For fans of Barbara Loden’s Wanda (1970), Terrence Malick’s Badlands (1973), Ingmar Bergman’s Persona (1966). 

Robert Altman—a bona fide New Hollywood hero, known for his restless experimentation—directed a psychodrama so tonally removed from Popeye and M*A*S*H that one wonders what he was going through at the time. 3 Women (1977) unfolds in Southern California’s hazy desert, where Millie’s (Shelley Duvall) breezy, talkative nature entrances her naïve new roommate/coworker, Pinky (Sissy Spacek). Hovering at the edge of the narrative, stoic artist Willie (Janice Rule) paints an eerie, reptilian mural in an emptied swimming pool.  

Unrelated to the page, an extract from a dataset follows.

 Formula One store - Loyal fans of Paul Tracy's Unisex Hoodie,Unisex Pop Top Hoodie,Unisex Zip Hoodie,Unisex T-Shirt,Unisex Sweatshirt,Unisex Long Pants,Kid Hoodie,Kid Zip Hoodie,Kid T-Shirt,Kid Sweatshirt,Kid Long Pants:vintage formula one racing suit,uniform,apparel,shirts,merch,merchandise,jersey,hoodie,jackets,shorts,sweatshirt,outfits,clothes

Millie and Pinky become friends and enemies at different points. Like many such relationships, one of them wants what the other has, while the other has much less than it appears. “I wonder what it would be like to be twins,” Pinky says. “Do you think they know which one they are?” 

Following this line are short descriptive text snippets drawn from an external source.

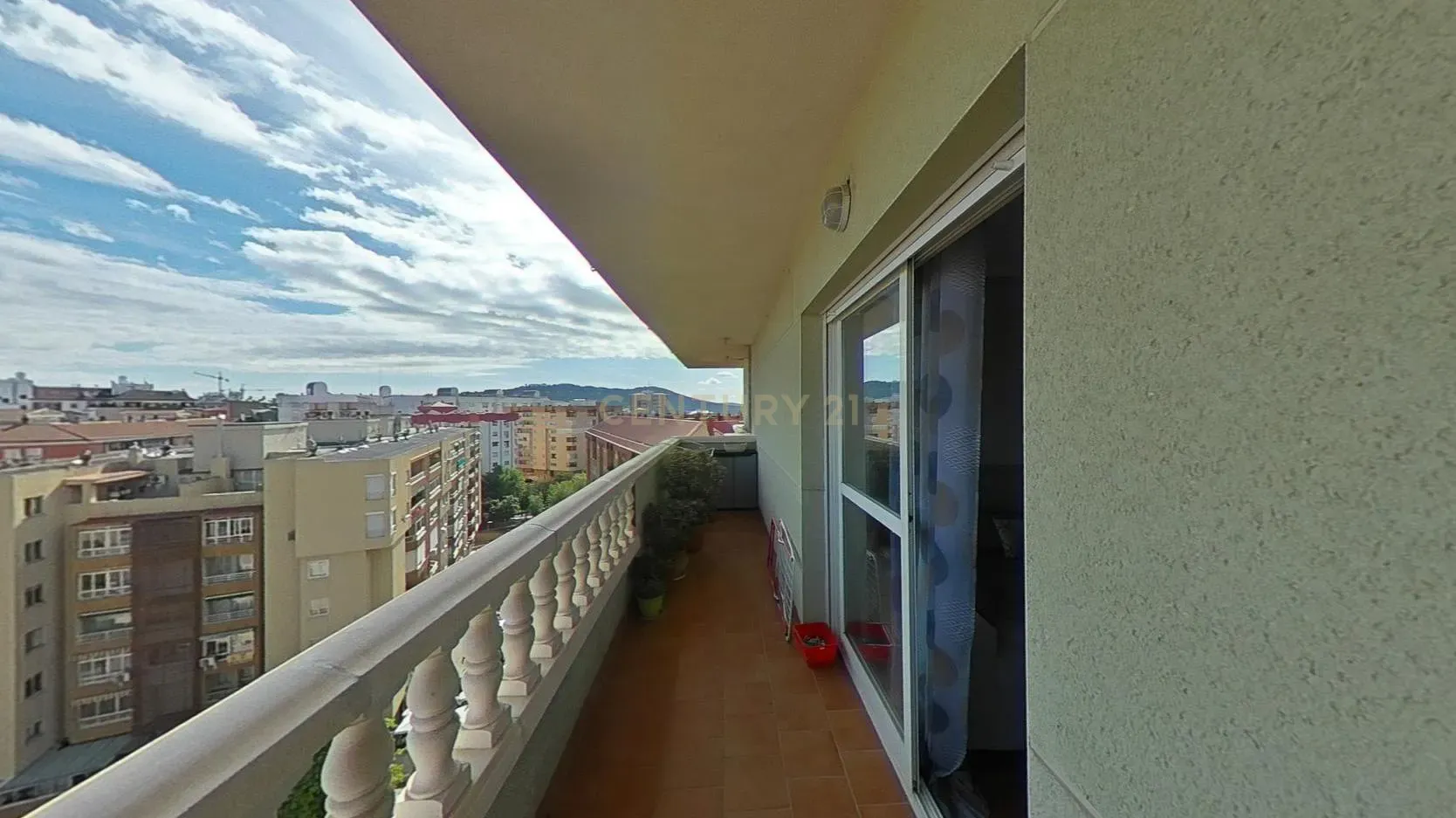 undefined - Image 13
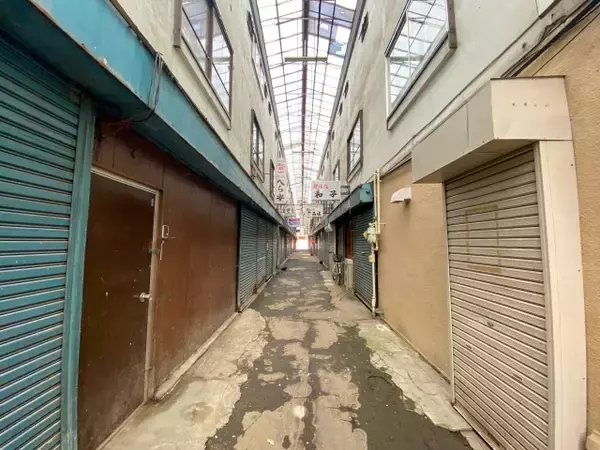 コロナ倒産件数、高止まりが続く。コロナ禍長期化で「あきらめ」「息切れ」破綻が大勢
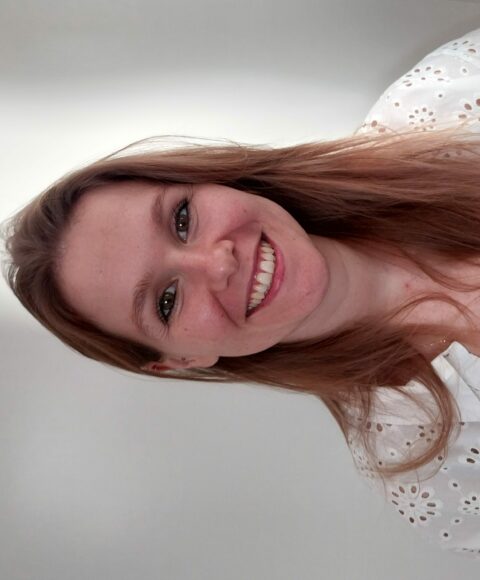 Florine Marcq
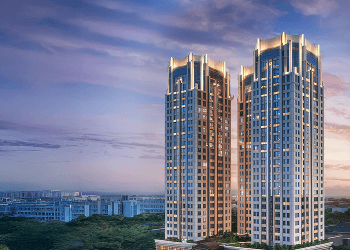 Emaar Digihomes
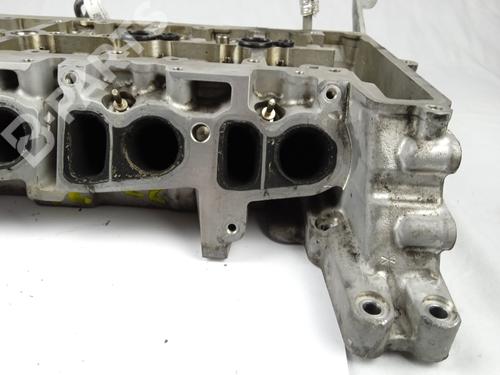 Cylinder head BMW X1 (F48) sDrive 18 d | BP10969565M5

Duvall’s fragile, funny performance in 3 Women spotlights her singular presence and deep artistic connection with Altman. Dreamers should see it. (Whitsell Auditorium, 1219 SW Park, Sat May 2, 2 pm, $15, more info, PG)

Exquisite Automatism: Surrealist Cinema Series

For fans of Oskar Schlemmer’s Triadisches Ballett, Leonora Carrington, the uncanny.

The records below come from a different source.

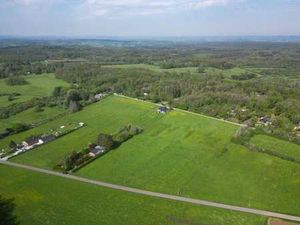 Superbe opportunité pour projet immobilier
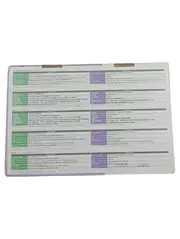 Vorschaubild 2 von PowerShot A40 Digitalkamera 2.0 Megapixel 3x Zoom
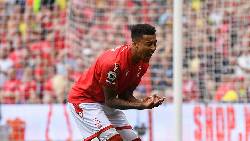 Soi kèo phạt góc Nottingham Forest vs Aston Villa, 2h ngày 11/10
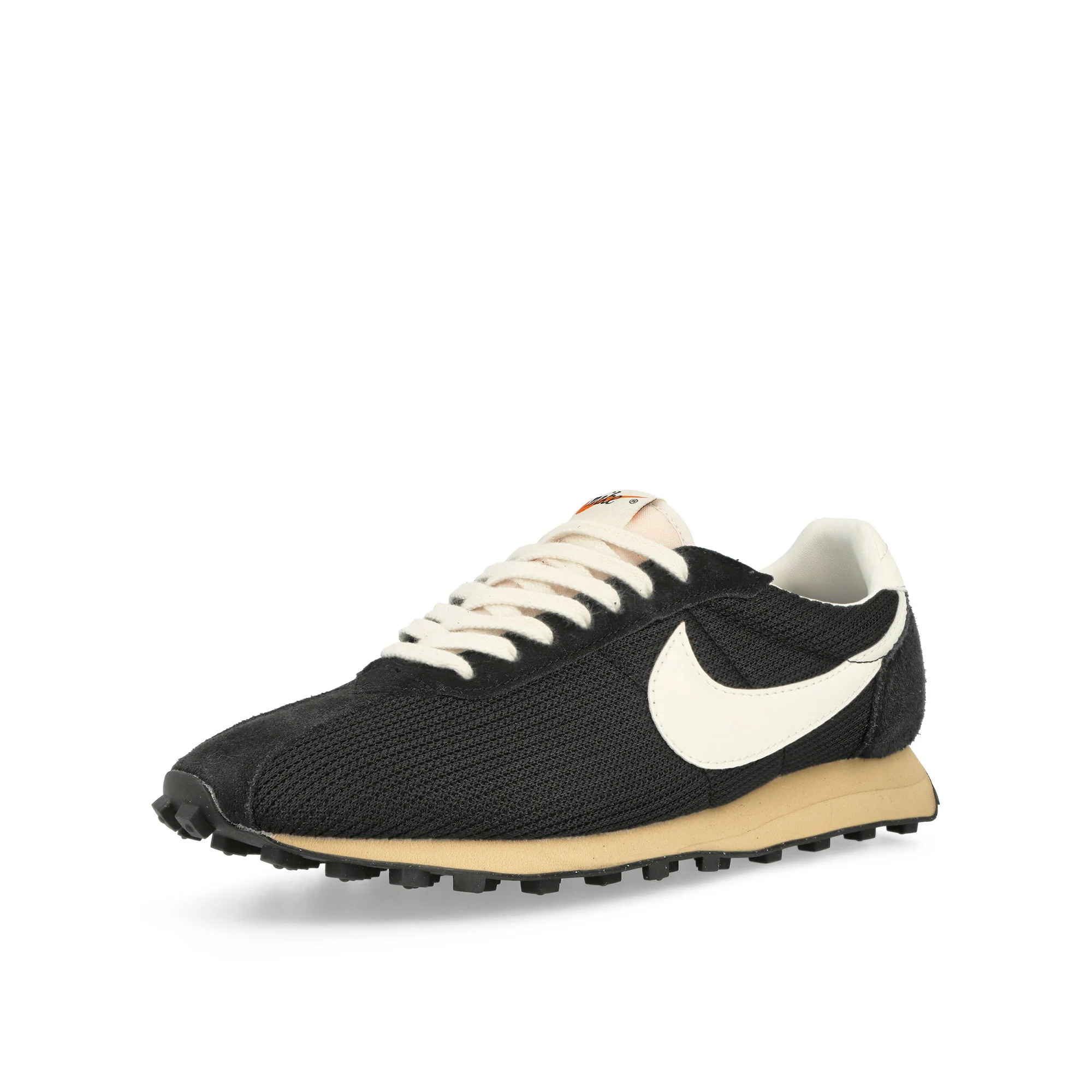 LD-1000 - Image 4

Of May’s two surreal screening series, Clinton Street’s leans a little more ambiguous and esoteric. We love that around here! The series title, “Exquisite Automatism,” gives us some hints as to its curatorial aims. Merriam-Webster defines “automatism” in a few ways: “a theory that views the body as a machine and consciousness as a noncontrolling adjunct of the body,” “suspension of the conscious mind to release subconscious images,” or simply “the quality or state of being automatic.” Indeed, several films on the slate have a stream-of-consciousness, or subconscious, feel. 

Opening with the Surrealist Cabaret, an eclectic performance art showcase, the series moves into experimental works like Jean Cocteau’s Orpheus (1950), Luis Buñuel’s The Exterminating Angel (1967), and Maya Deren’s avant-garde short films. Denis Villeneuve’s psychological thriller Enemy (2013) is a contemporary highlight—it’ll be followed by a Q&A session with its screenwriter, Javier Gullón. (Clinton Street Theater, 2522 SE Clinton, May 2-28, more info)

The Juniper Tree

For fans of Valdimar Jóhannsson’s Lamb (2021), Erik Blomberg’s The White Reindeer (1957), Ingmar Bergman’s The Virgin Spring (1960).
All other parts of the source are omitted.